During your studies, you will be probably be told at least once that you should pay attention to topic sentences. These sentences come at the beginnings of paragraphs and introduce the central ideas that are about to be developed. “Use topic sentences,” the advice-givers say, “and your writing will become clear”.

And yet many examples of fine writing do not use topic sentences. I’ve read many paragraphs where the first sentence does not point towards the incoming payload at all, and yet the authors of these paragraphs are praised for their style and clarity. Then why should we use them? Are topic sentences another example of a fictional device made up to turn writing into a paint-by-numbers exercise?

The first thing we should note is that academic writing is not just a stuffier version of regular writing; instead, what sets it apart is that it has a narrower purpose. It does not seek to entertain or mystify (we hope), but to communicate ideas. Most of these ideas are difficult to grasp, and so it is the academic writer’s duty to present them in as clear a way as possible.

A good way to ensure that the reader stays focused on the argument is to constantly set up questions in the reader’s mind and then answer them. And this is what topic sentences let you do, because they are not mere statements of fact but miniature claims that the reader should want to have elaborated.

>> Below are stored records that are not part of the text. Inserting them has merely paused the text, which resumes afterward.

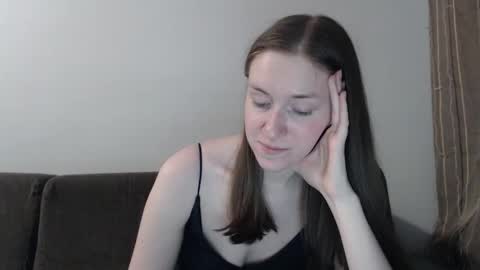 lily_love_x online show from February 26, 11:52 pm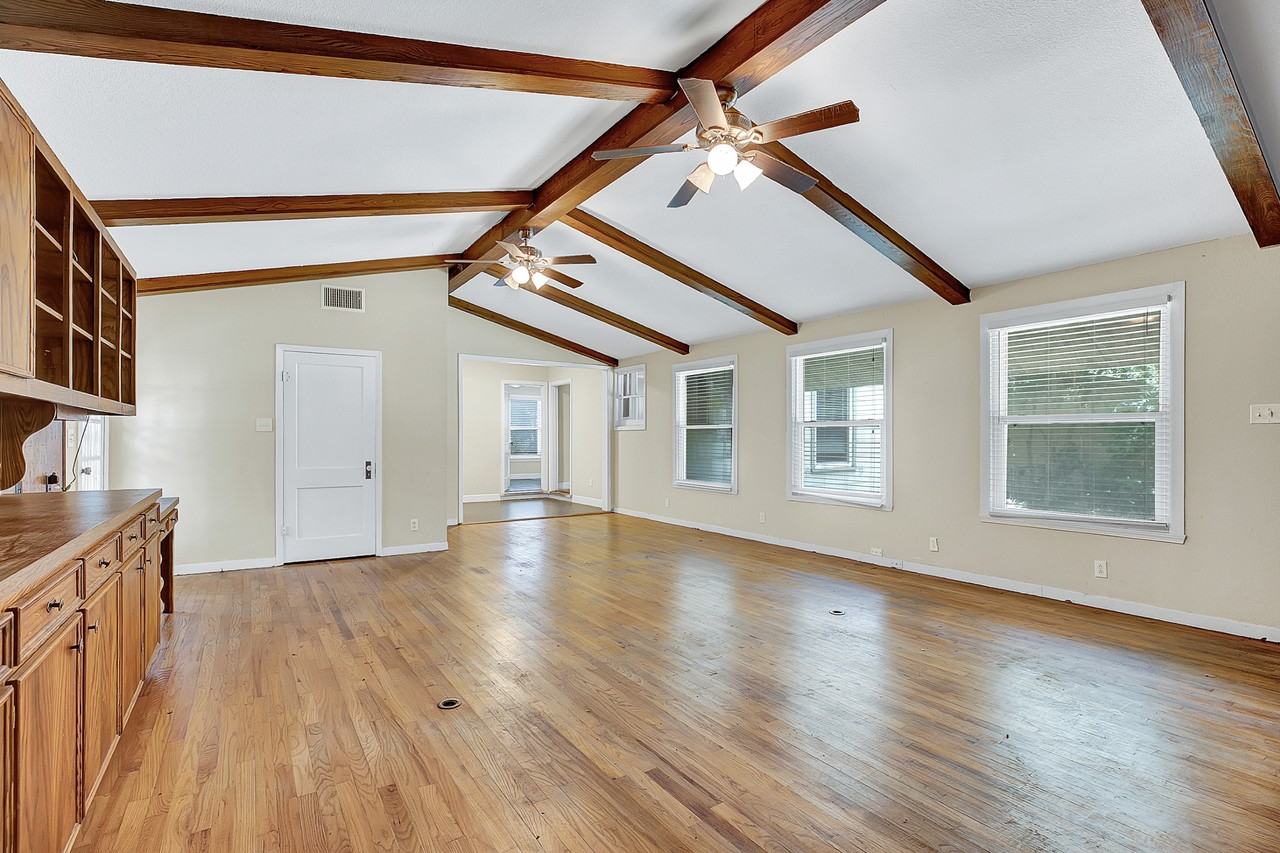 436 W Holland St #NA - Photo 2 of 16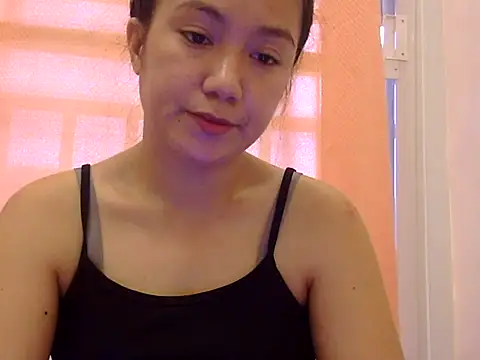 Lovelyclaya's cam snapshot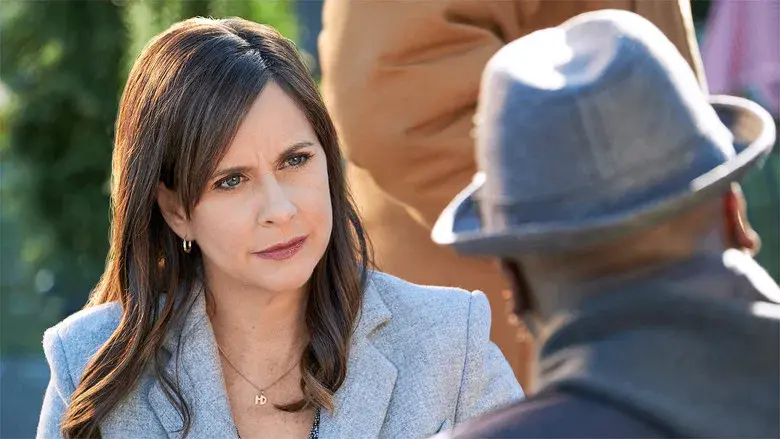 Hailey Dean Mysteries: Death on Duty - Backdrop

Let’s take a look at an example from the article Waiting for Universal Grammar (in press). The author, Geoff Pullum, has just quoted from a paper claiming that children can learn to say things from experience, but cannot learn not to say things that are grammatically disallowed. Pullum’s next paragraph begins like this: “It cannot be true that you can never learn from experience that something is disallowed”. When the reader encounters this sentence, a few questions will naturally arise. Why can’t it be true? Do you have a counterexample? Is there an explanation for how this learning might occur? Some of these questions will be answered immediately, and this is how Pullum keeps the momentum going. He immediately gives a counterexample, satisfying the reader’s curiosity. But he waits to answer the question of how this learning occurs until later on in the essay, when he treats Bayesian abduction.

This is a powerful way of improving the unity of the essay. The reader is promised a reward for continuing to read the paragraph. At least part of that reward is handed out immediately, and sometimes another part is reserved for later, once other essential parts of the argument have been put into place.

So when you are working on topic sentences, don’t think of them as just one-sentence summaries, but as promises to the reader, raised questions that will have to be answered. Use them to lure, to provoke. How are you going to convince the reader to keep on going through paragraph after paragraph, section after section? Topic sentences aren’t the only way of accomplishing this, but they are an important tool in the writer’s belt. Academic prose can be enjoyable if the reader never has to wonder what the point of it all is.